= Beginning of Section =

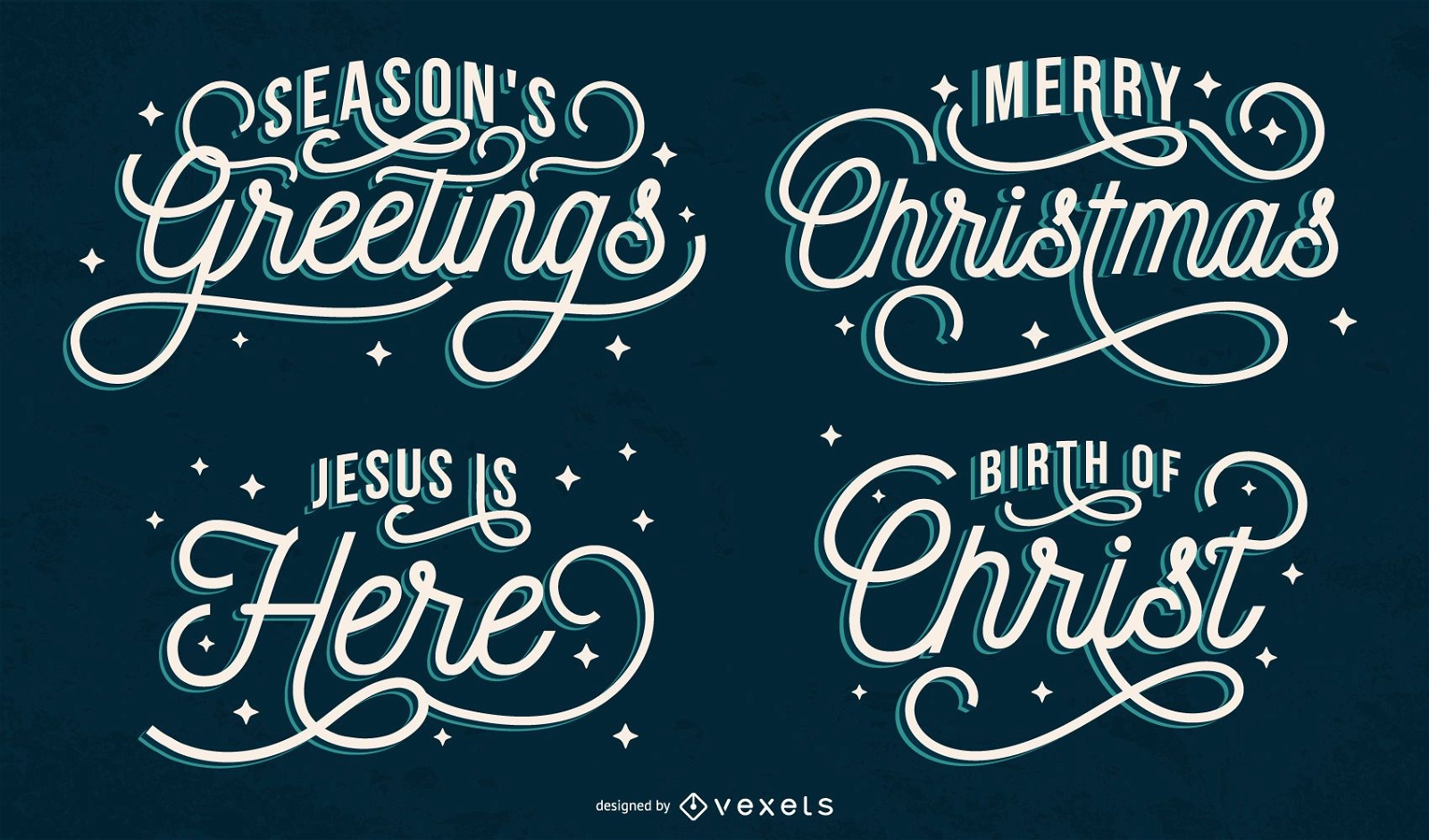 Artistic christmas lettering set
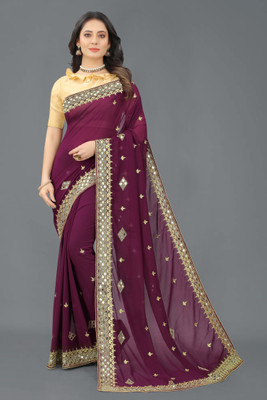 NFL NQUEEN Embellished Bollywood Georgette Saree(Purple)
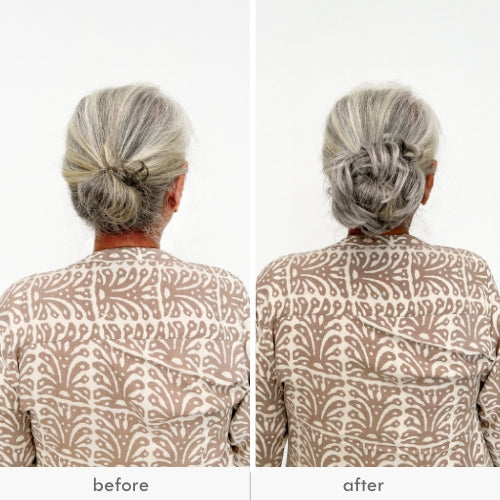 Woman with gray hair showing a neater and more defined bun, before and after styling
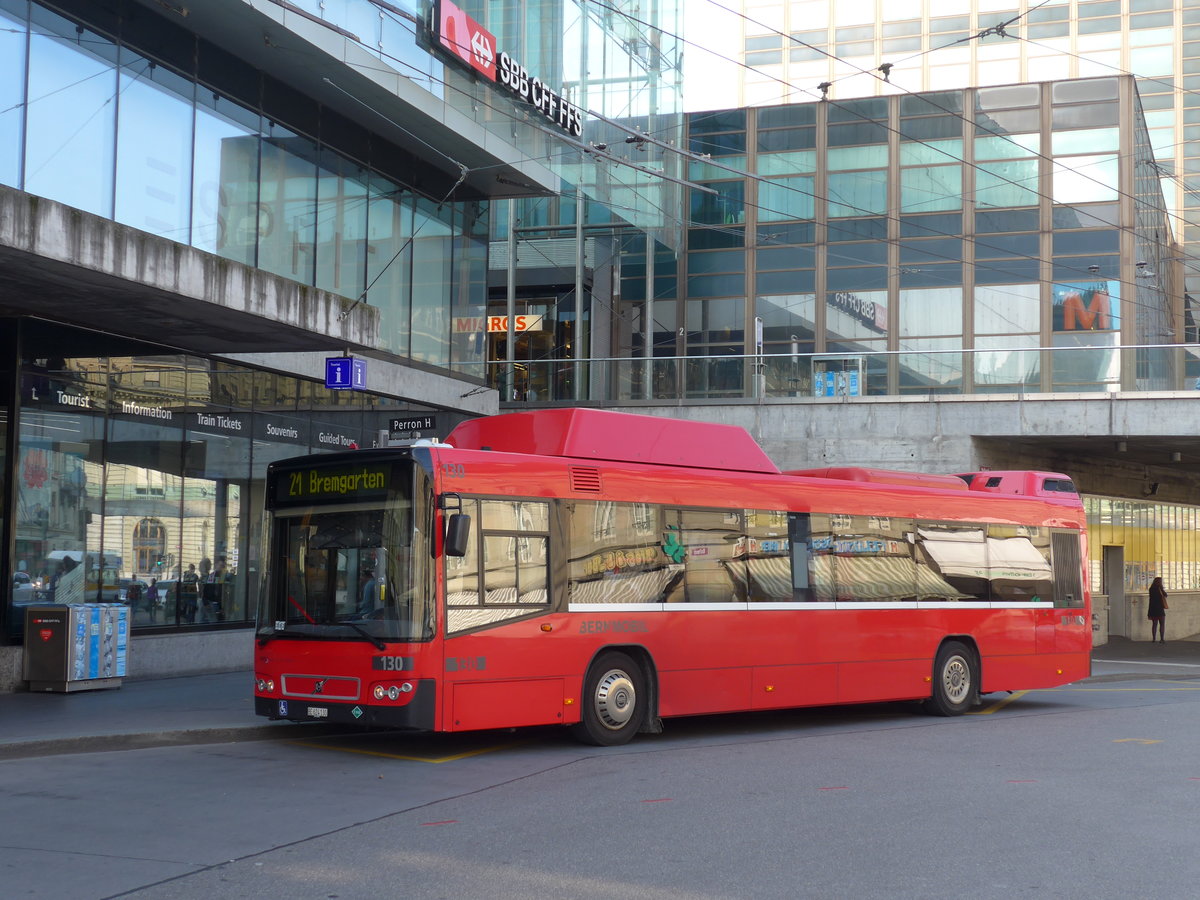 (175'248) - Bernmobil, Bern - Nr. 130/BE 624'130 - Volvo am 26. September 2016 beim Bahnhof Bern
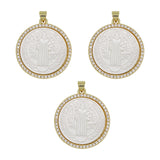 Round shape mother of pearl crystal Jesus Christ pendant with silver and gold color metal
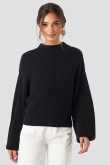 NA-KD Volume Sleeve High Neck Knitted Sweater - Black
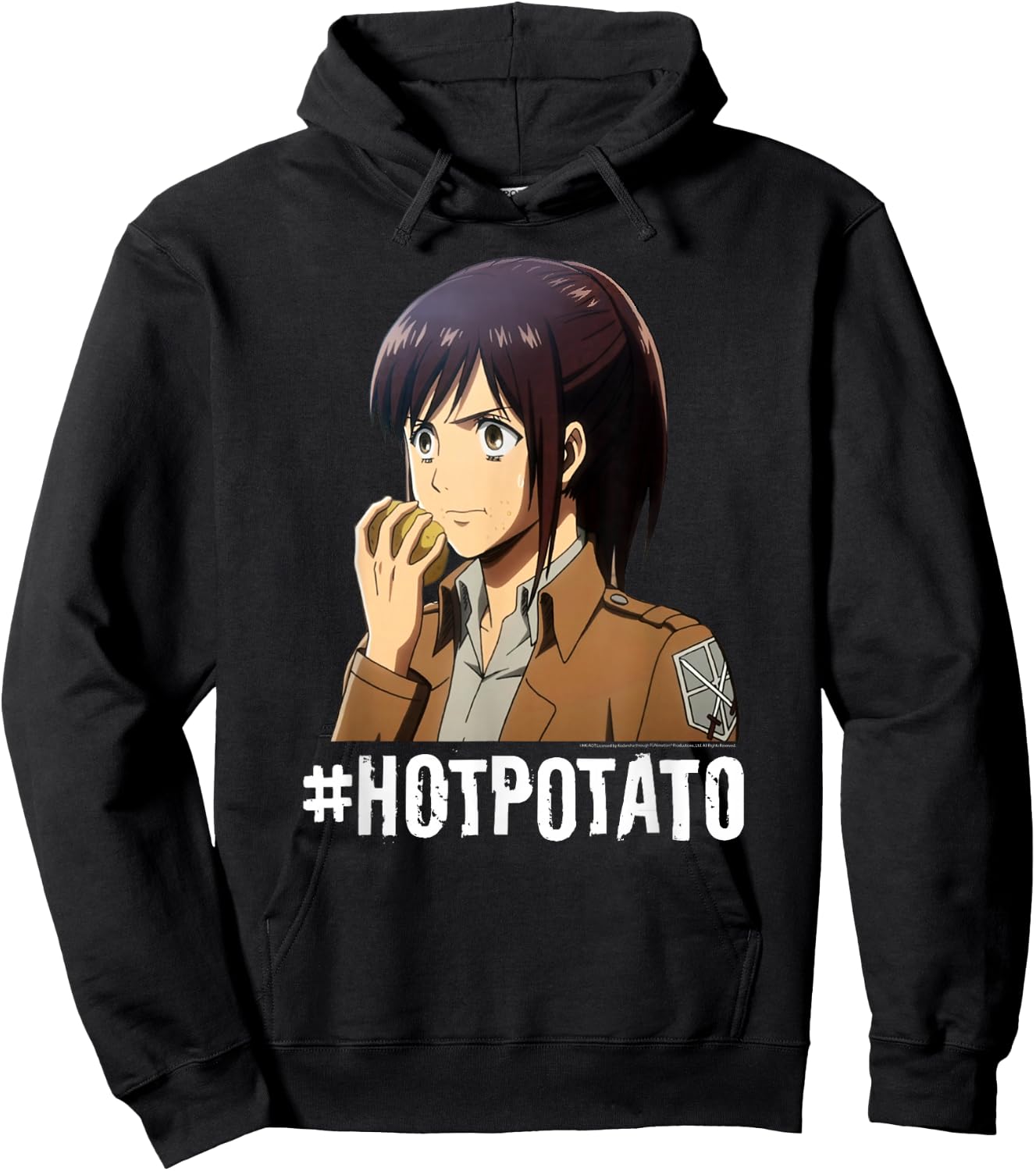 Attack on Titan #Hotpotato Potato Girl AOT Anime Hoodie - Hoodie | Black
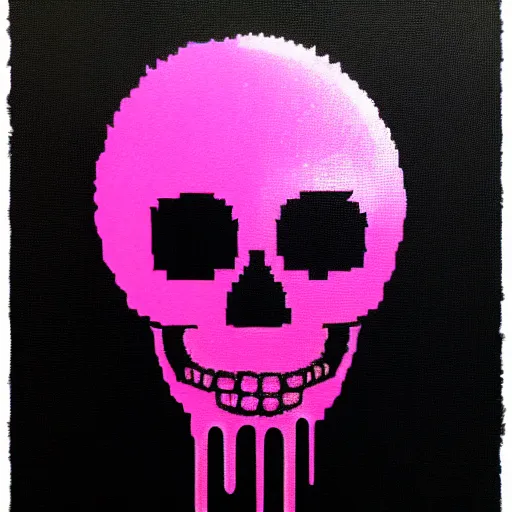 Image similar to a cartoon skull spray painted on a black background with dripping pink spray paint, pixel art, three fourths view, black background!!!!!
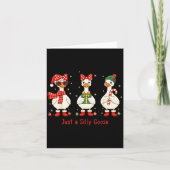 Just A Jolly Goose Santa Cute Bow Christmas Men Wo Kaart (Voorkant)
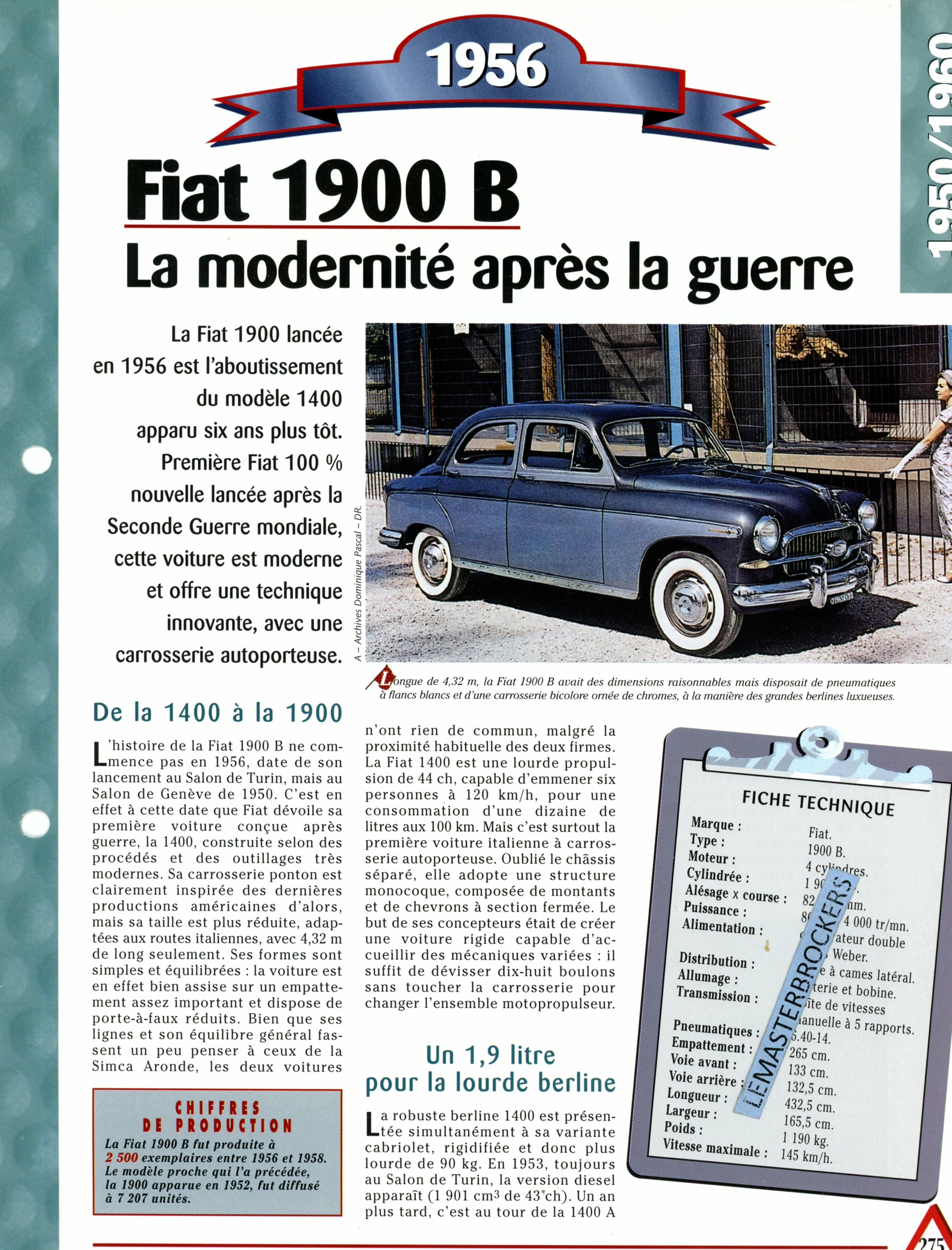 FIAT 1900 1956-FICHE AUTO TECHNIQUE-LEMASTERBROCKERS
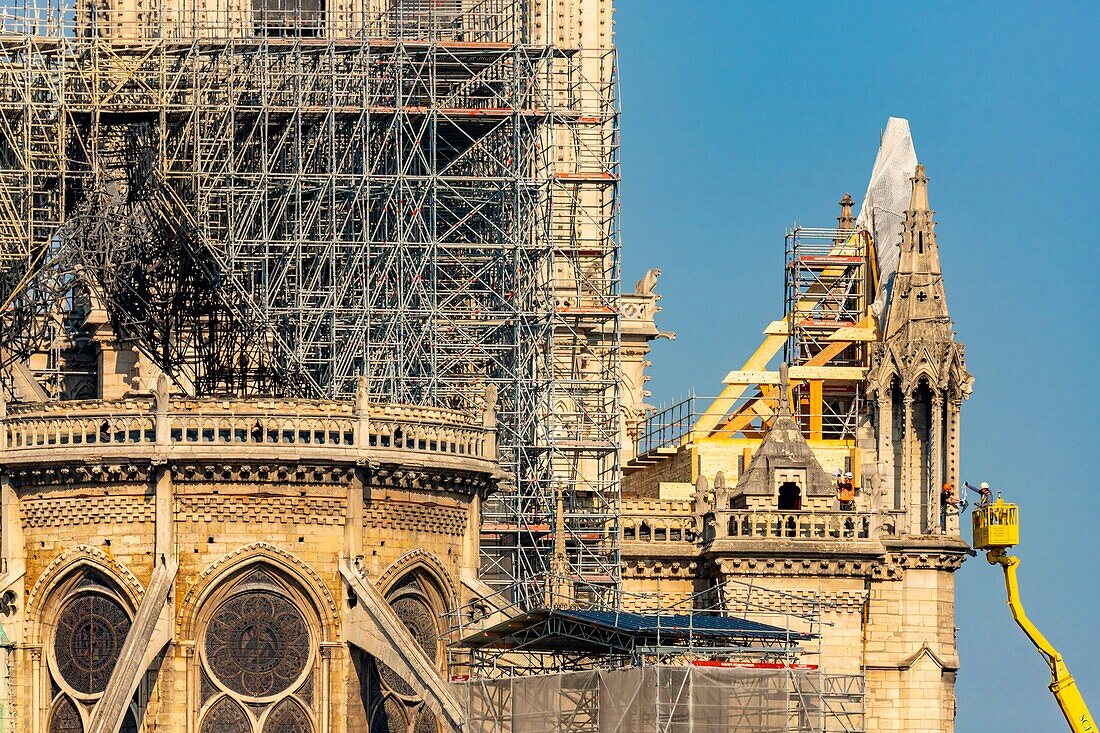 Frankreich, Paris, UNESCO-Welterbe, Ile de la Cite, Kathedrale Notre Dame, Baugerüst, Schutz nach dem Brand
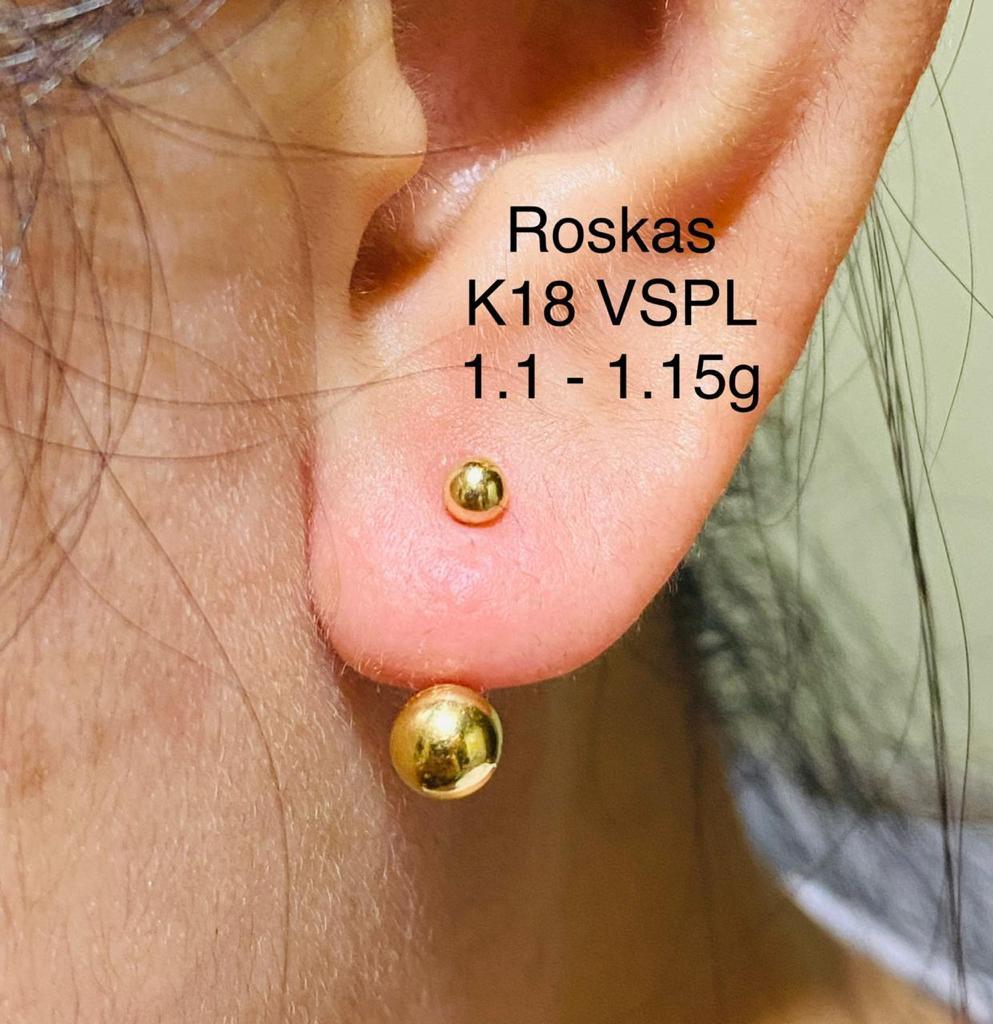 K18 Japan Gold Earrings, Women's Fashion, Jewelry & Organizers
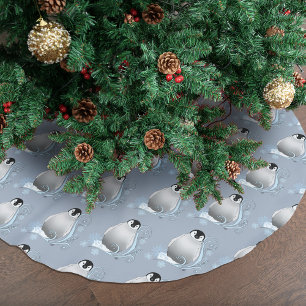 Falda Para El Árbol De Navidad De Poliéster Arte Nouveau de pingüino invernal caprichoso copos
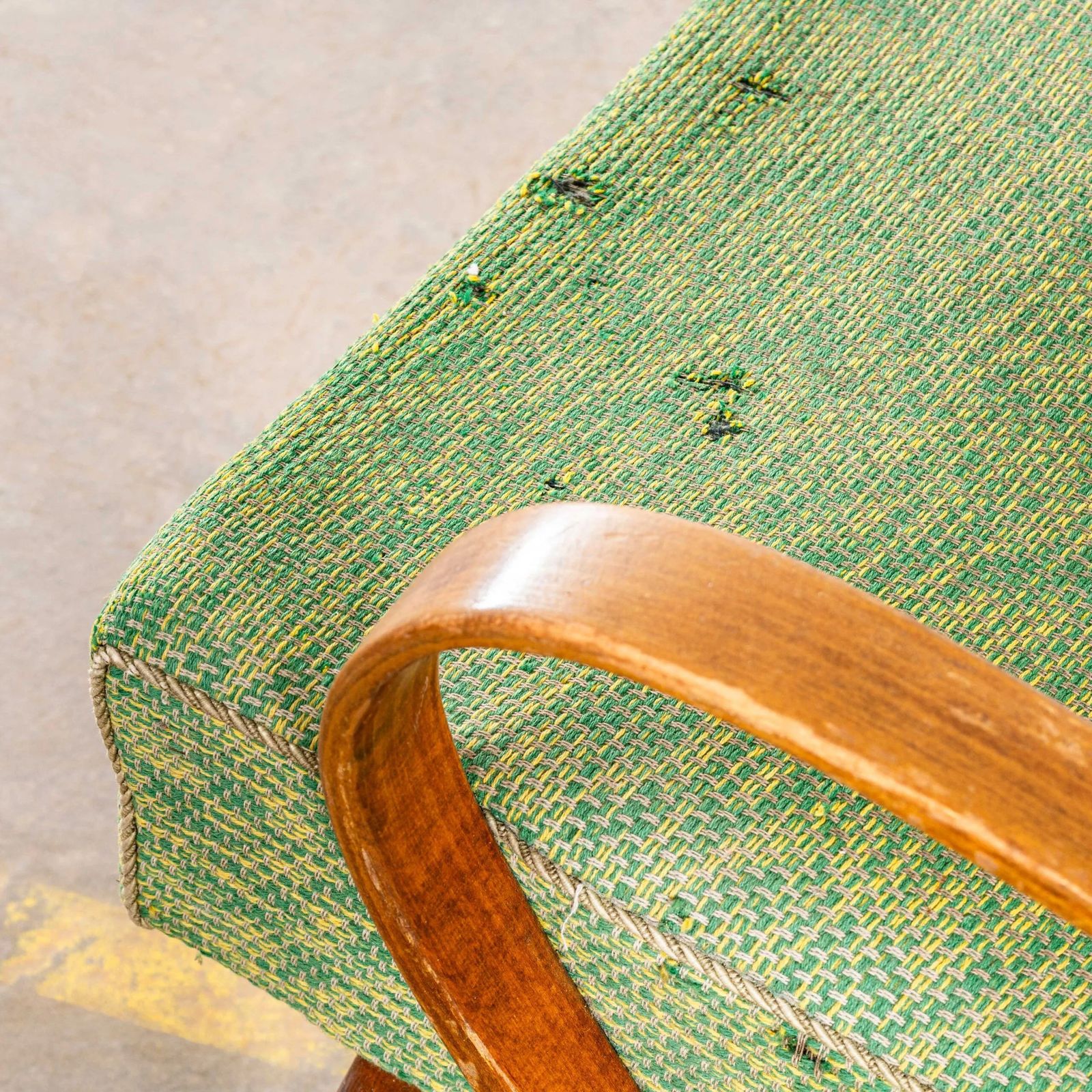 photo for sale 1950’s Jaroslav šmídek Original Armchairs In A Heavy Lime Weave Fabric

= End of Section =

• WHAT YOU WILL DO
What is needed is an exact printout of all the entries, without the pictures.

• WRITTEN SOLUTION
 Artistic christmas lettering set
 NFL NQUEEN Embellished Bollywood Georgette Saree(Purple)
 Woman with gray hair showing a neater and more defined bun, before and after styling
 (175'248) - Bernmobil, Bern - Nr. 130/BE 624'130 - Volvo am 26. September 2016 beim Bahnhof Bern
 Round shape mother of pearl crystal Jesus Christ pendant with silver and gold color metal
 NA-KD Volume Sleeve High Neck Knitted Sweater - Black
 Attack on Titan #Hotpotato Potato Girl AOT Anime Hoodie - Hoodie | Black
 Image similar to a cartoon skull spray painted on a black background with dripping pink spray paint, pixel art, three fourths view, black background!!!!!
 Just A Jolly Goose Santa Cute Bow Christmas Men Wo Kaart (Voorkant)
 FIAT 1900 1956-FICHE AUTO TECHNIQUE-LEMASTERBROCKERS
 Frankreich, Paris, UNESCO-Welterbe, Ile de la Cite, Kathedrale Notre Dame, Baugerüst, Schutz nach dem Brand
 K18 Japan Gold Earrings, Women's Fashion, Jewelry & Organizers
 Falda Para El Árbol De Navidad De Poliéster Arte Nouveau de pingüino invernal caprichoso copos
 photo for sale 1950’s Jaroslav šmídek Original Armchairs In A Heavy Lime Weave Fabric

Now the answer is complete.